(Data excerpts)

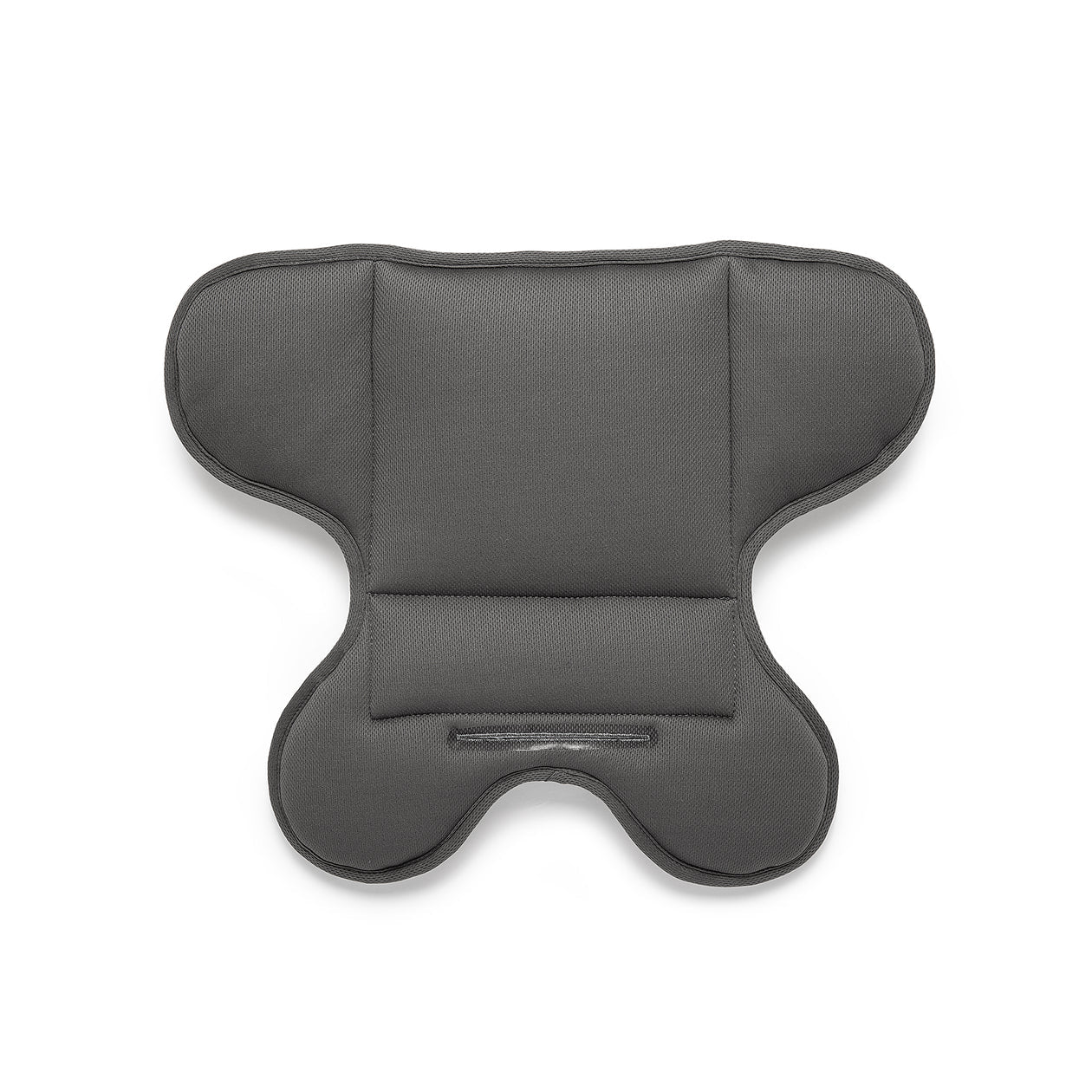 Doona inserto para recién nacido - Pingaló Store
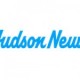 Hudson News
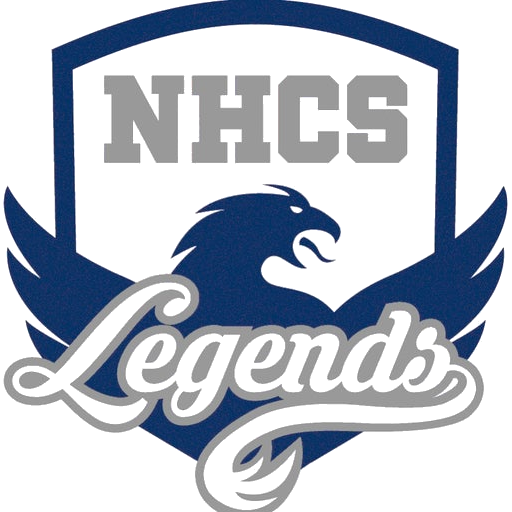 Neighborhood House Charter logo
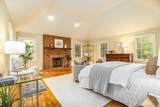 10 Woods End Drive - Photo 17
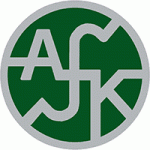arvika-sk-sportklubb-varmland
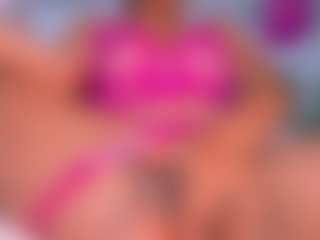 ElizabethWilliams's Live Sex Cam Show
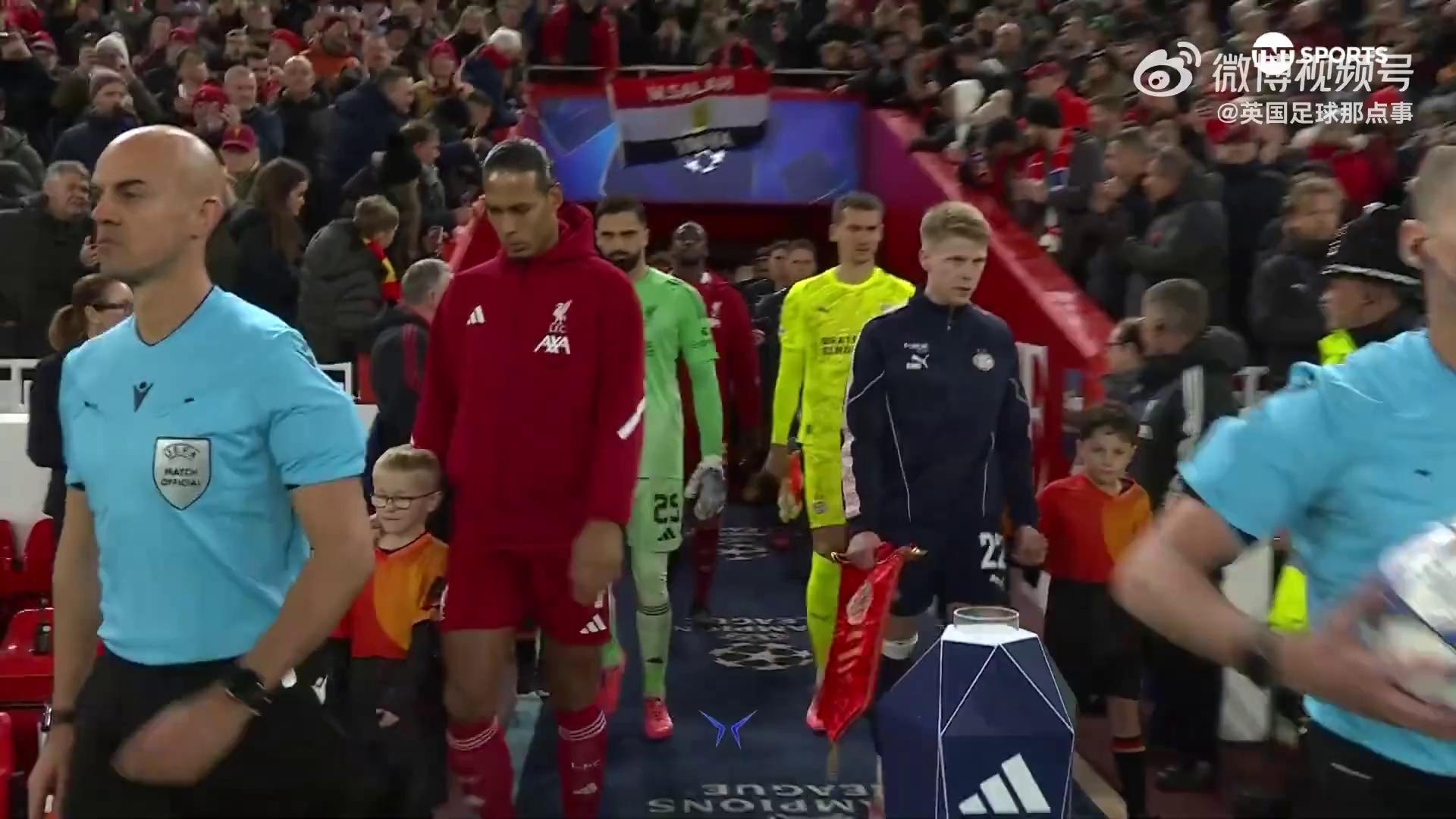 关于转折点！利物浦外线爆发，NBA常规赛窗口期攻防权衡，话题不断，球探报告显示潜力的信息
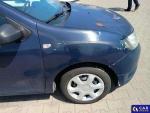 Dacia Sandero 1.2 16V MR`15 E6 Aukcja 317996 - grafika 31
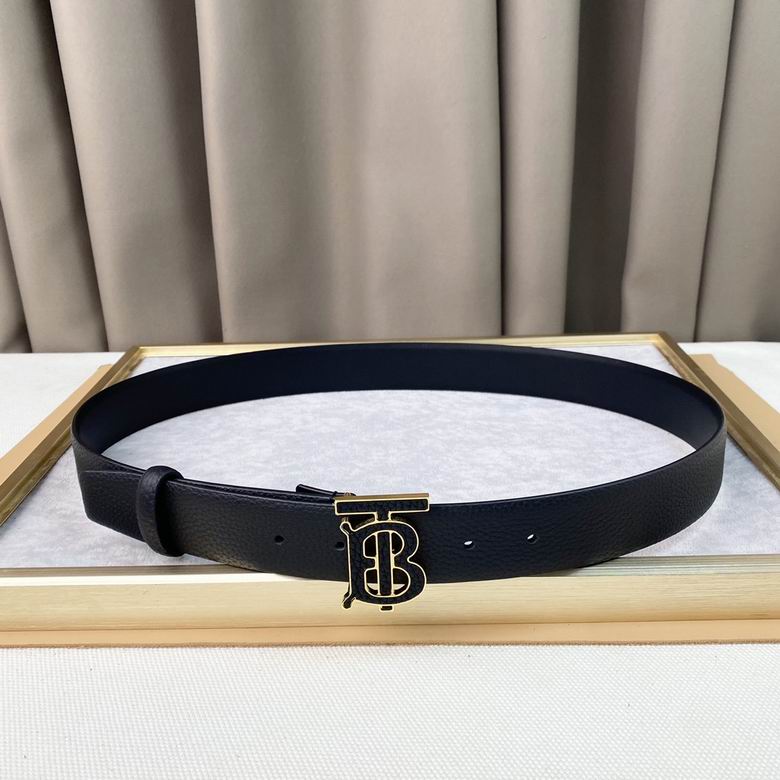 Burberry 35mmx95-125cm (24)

- EXERCISE:
Return the data verbatim, leaving out the pictures it holds.

- RESULT OF THE EXERCISE:
 Doona inserto para recién nacido - Pingaló Store
 Hudson News
 Neighborhood House Charter logo
 10 Woods End Drive - Photo 17
arvika-sk-sportklubb-varmland
 ElizabethWilliams's Live Sex Cam Show
 关于转折点！利物浦外线爆发，NBA常规赛窗口期攻防权衡，话题不断，球探报告显示潜力的信息
 Dacia Sandero 1.2 16V MR`15 E6 Aukcja 317996 - grafika 31
 Burberry 35mmx95-125cm (24)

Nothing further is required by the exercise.